- Born: Ann Kelly 17 July 1947 Dublin
- Died: 5 March 2021 (aged 73) Dublin

= Ann Riordan =

First general manager of Microsoft Ireland (1947–2021)

Ann Riordan (17 July 1947 – 5 March 2021) was the first woman to become the first general manager of Microsoft Ireland.

==Biography==
Born Ann Kelly on 17 July 1947 Riordan was the daughter of a CIÉ mechanic, Joe Kelly, and seamstress Lillie Kelly. Lillie taught in The Grafton Academy. Riordan had six siblings. The family grew up in Dublin in Rathfarnham. Riordan attended the St. Louis High School but left at sixteen before sitting her Leaving Certificate.

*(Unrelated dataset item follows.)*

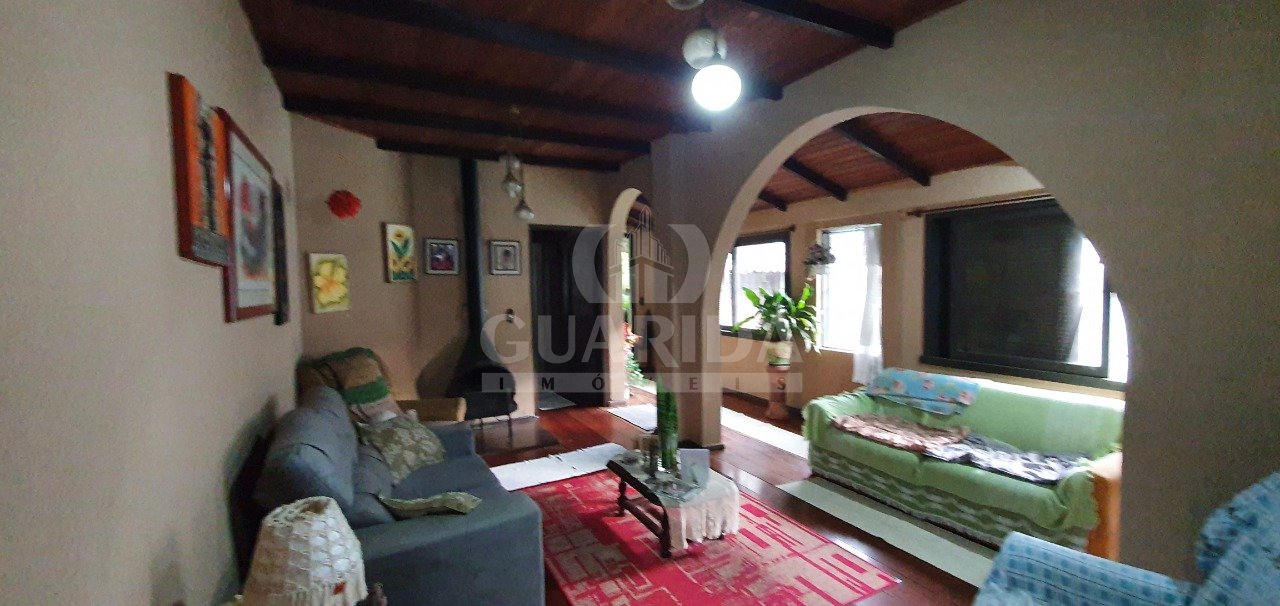 Casa 3 dorm, 160m², Medianeira, R$ 600 mil
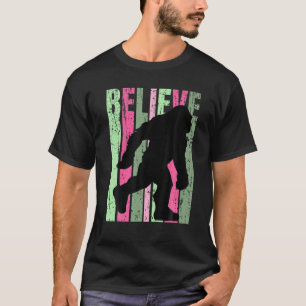 Retro Bigfoot Yeti Vintage Distressed Fun Birthday T-Shirt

Riordan left school to get a job with the Gas Company in Dublin. However, almost immediately she discovered that the women in Alliance and Dublin Consumers Gas Company were not being paid the backdated cost-of-living increase which had been agreed with the Irish Transport and General Workers Union. She discovered first-hand the attitude to women as workers. She was a leader in compelling management to give an equal increase to the women employees. Her next move was to apply for a job as a central heating designer. Again she faced obstacles when told the role was a man's job. Aged nineteen she objected to that and was given the position.

When she married Frank Riordan, she faced her next challenge. There was a ban on married women in the workplace. Riordan's employer told her they would be happy to see her back but that the unions this time were preventing it. The union granted her a six-month compromise and Riordan returned to work. However, in 1974 Riordan moved to London. There she got a role with L'Oréal and began her UK career. She first started in the tech industry with a position in Wordplex in 1976. Since Wordplex was a start-up, Riordan was exposed to every aspect of business and soon returned to Ireland as the managing director of the company.

In 1991 Riordan was selected to be the Microsoft country manager for Ireland. By 1996 she had won the company's 'Chairman's award' for what she had achieved in both Ireland and Europe. Riordan retired in 2000. She got involved in various organizations and was President of the Institute of Directors In Ireland, Chair of the Science Foundation Ireland, Chair of the National Standards Authority of Ireland and Tourism Ireland.